Everyone who knows me is very familiar with my stance on illegals; but what I really want to put into law pronto is this: anyone who does not bathe, change clothes, and, MOST IMPORTANTLY, does not use deodorant, GETS DEPORTED IMMEDIATELY and mercilessly. I think people who ride the subway (especially during the summer) will sign my petition.
Another pet peeve: I love when people start sharing personal information after a fifteen-minute acquaintance. Case in point: a sales rep who visits our office from time to time once offered me a piece of gum. I politely refused, stating that I do not usually chew gum. "Really?" - was her surprised reply - "Well, I always carry it, with my breath!". Did I really need to know that?
A fellow blogger once dedicated a post, completed with pictures, to the not so bright truck drivers who periodically get stuck under the Q Train tracks, because they do not pay attention to the clearance signs. Well, yours truly once witnessed two trucks, coming from the opposite directions, both getting stuck under the blessed Q train, and subsequently blocking Avenue P on Friday afternoon. Let us just say that was one of the few times when I was duly grateful for the fact that I do not drive.
A triumph of my assertiveness on the subway: putting down my big butt on the bench that was designed for four people, and where three men were comfortably sitting before my arrival.
Ultimate irony: when I bought myself a new prayer book, cashier did not deactivate the anti-theft device properly, and I started beeping by the exit. But here is my question: how can you pray using a stolen prayer book?
Notice on the e-bay action: "After few recent troubles I had with the lost packages, I will no longer ship to Russia". Gratifying to know that very few things changed in step-mother country.

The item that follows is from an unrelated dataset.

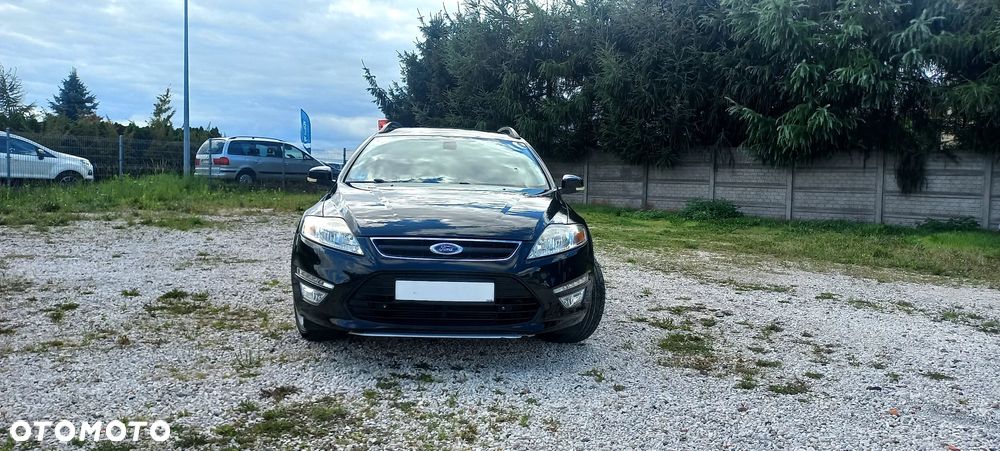 Ford Mondeo 2.0 TDCi Titanium - 23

I do not precisely remember what Bridget Jones considered as a "unfortunate laundry crisis outfit", but to me it ended up being a full goth regalia: black top and black skirt (completed with standard for New York winter black shoes).
I do not care about the logic and reasonable explanations: seating on the subway opposite a guy who was studying a diagram of female reproductive organs was just plain yucky.
Another funny bit: I did not get any birthday cards on the actual birthday, but I did get two cards a day before: one was from my Mom, and one was from my dentist.
One fine morning there was a little commotion in our office due to the fact that an entire team was ready to depart to the job site, but the project manager was missing. Long story short, poor guy called his second in command with apologies and a following explanation: "two Polish guys came in this morning, took off my apartment door (for the fridge delivery), and disappeared. I can not leave the house till the door is re-attached."
Few days ago I took fluffies out to an ice cream shop. Mini Not Me just kept trying to sneak candies; ice cream did not really stir him. Mini Me, on the other hand, usually takes very serious approach to her selection. Till recently, it was only a choice between an ice cream you can eat (a cone or a cup) and an ice cream you can drink (a milk shake). This time, she requested to be picked up, so she can view the selection better. I obliged and started rattling off all the flavors; she perused the entire selection very, very carefully, and finally made her choice: "Pink".